# Problem requirements:
Could you transcribe every record below exactly as written, leaving out any pictures?
──────── Records provided
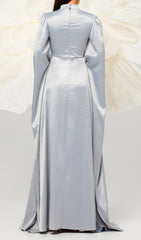 Cleo Elegant Satin Corset Maxi Dress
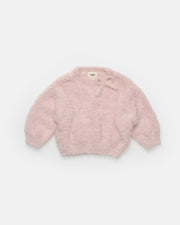 Boxy Bow Sweater - Furry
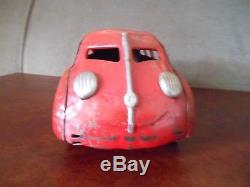 Vintage BUDDY L SCARAB WIND UP CAROriginal Pressed Steel Automobile Toy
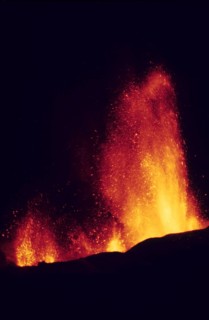 Lava eruption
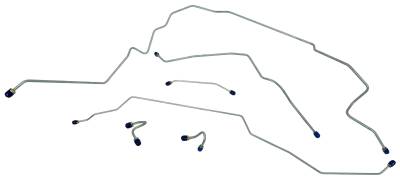 Shafer's Classic - 1968-1969 Chevrolet/GMC Truck Front Brake Line Set, Stainless Steel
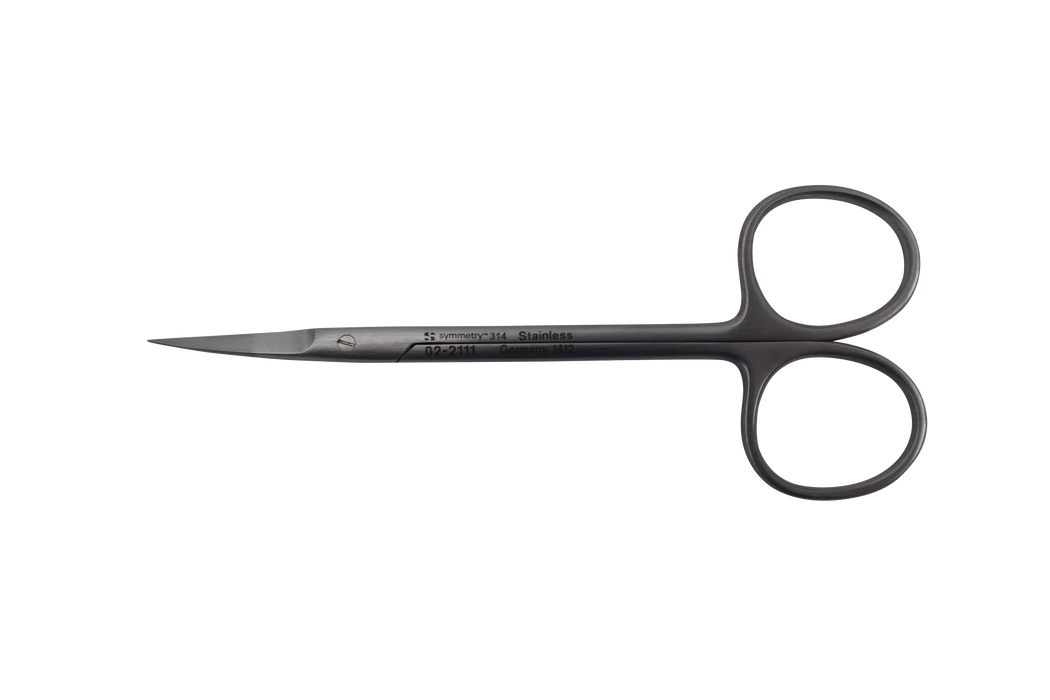 Aspen Surgical Symmetry Scissors, Iris Standard Pattern, Curved, 4-1/2 in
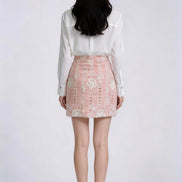 Velmira Embroidered Lace Skirt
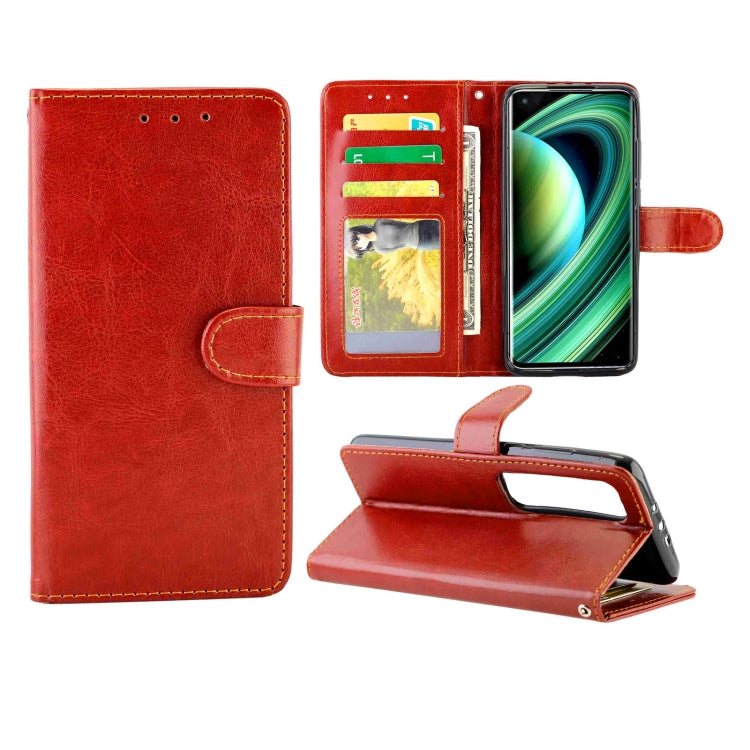 For Xiaomi Mi 10 Ultra Crazy Horse Texture Leather Horizontal Flip Protective Case with Holder & Card Slots & Wallet & Photo Frame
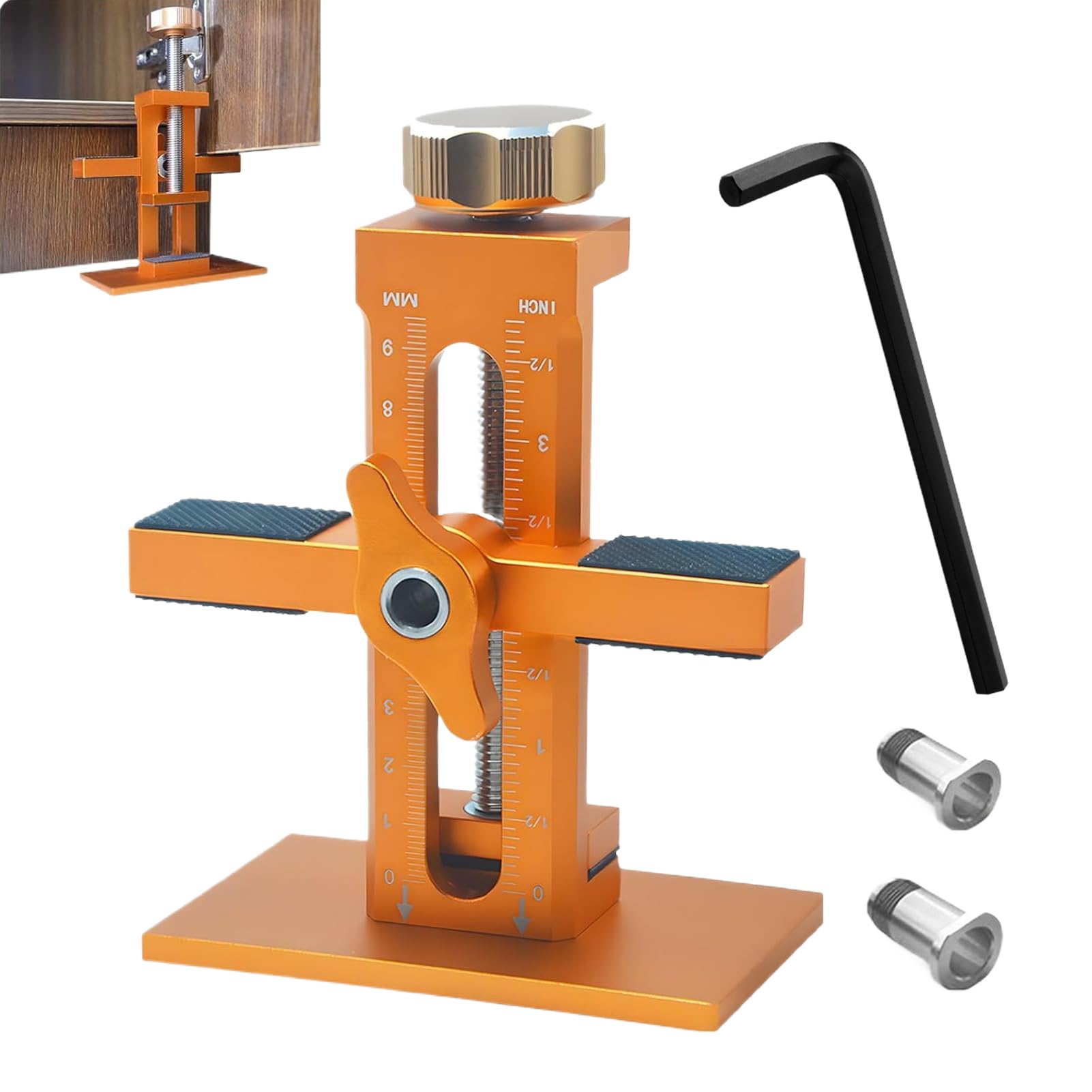 Outil installation porte armoire guide reglable pour meuble cuisine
────────────────
# Answer to the exercise:
 Cleo Elegant Satin Corset Maxi Dress
 Boxy Bow Sweater - Furry
 Vintage BUDDY L SCARAB WIND UP CAROriginal Pressed Steel Automobile Toy
 Lava eruption
 Shafer's Classic - 1968-1969 Chevrolet/GMC Truck Front Brake Line Set, Stainless Steel
 Aspen Surgical Symmetry Scissors, Iris Standard Pattern, Curved, 4-1/2 in
 Velmira Embroidered Lace Skirt
 For Xiaomi Mi 10 Ultra Crazy Horse Texture Leather Horizontal Flip Protective Case with Holder & Card Slots & Wallet & Photo Frame
 Outil installation porte armoire guide reglable pour meuble cuisine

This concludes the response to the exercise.